A Question of Man vs. Machine
Much has been written about the potential pros and cons of autonomous vehicles; one of the biggest upsides is that the most dangerous driving behaviors of human beings will be programmed out of driverless cars. With computer algorithms to calculate appropriate distance between cars, stopping distance, when to turn, appropriate/legal speed, etc., experts predict autonomous vehicles may actually be safer “drivers” than many humans. They will not be drunk or distracted, they will not tailgate or run red lights, and they will be programmed to follow the rules of the road with precision. In fact, anecdotal evidence suggests there have been incidents in which human-driven vehicles have rear-ended test autonomous vehicles, because the latter came to a full stop when they were supposed to.

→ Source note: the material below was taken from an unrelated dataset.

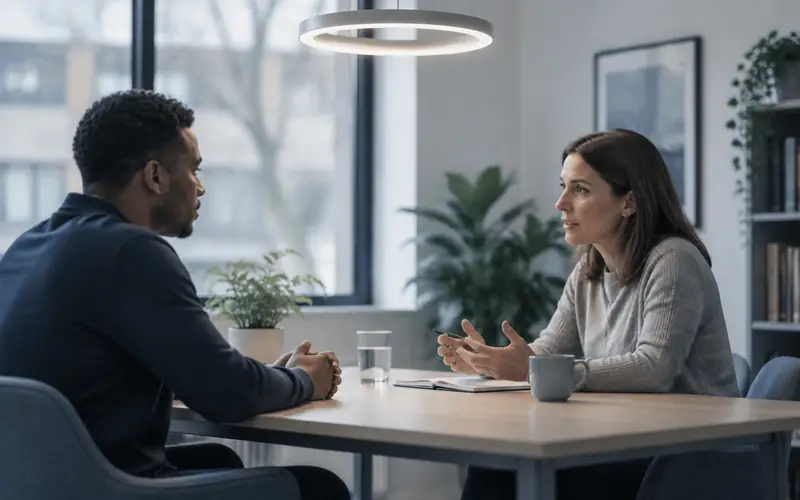Two people talking across a table in a bright advice centre interview room, under a circular pendant lamp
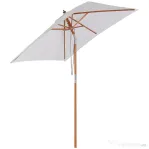 Outsunny Umbrela de Gradina care se Inclina 2x1.5m, 6 Lamele si Catarg din Lemn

On the down side, there are a number of concerns about cost, insurance liability in driverless crashes, education of backup operators, the reliability of GPS systems on which the cars will depend and the possibility of the computer technology failing. Probably the most front-and-center concern is how sophisticated the programming will be when it comes to detecting sudden, unforeseen dangers involving other vehicles, pedestrians and bicyclists. Bike advocates are particularly concerned that pedestrian detection programming will not be sufficient to account for faster-moving and more unpredictable bicycles.
A Plea for Caution
In a letter to commissioners at the state Departments of Transportation and Motor Vehicles—who are charged with developing state regulations for the autonomous cars and their sensing technology—New York Biking Coalition Executive Director Paul Winkeller wrote:
“NYBC remains very concerned that taller, more fast-moving and less predictable bicyclists could be in further danger if the sensing technology, per government oversight, are not well thought out or carefully designed. Please keep our perspective in mind and our request to be at the table if and when an interagency AV Task Force is put together!”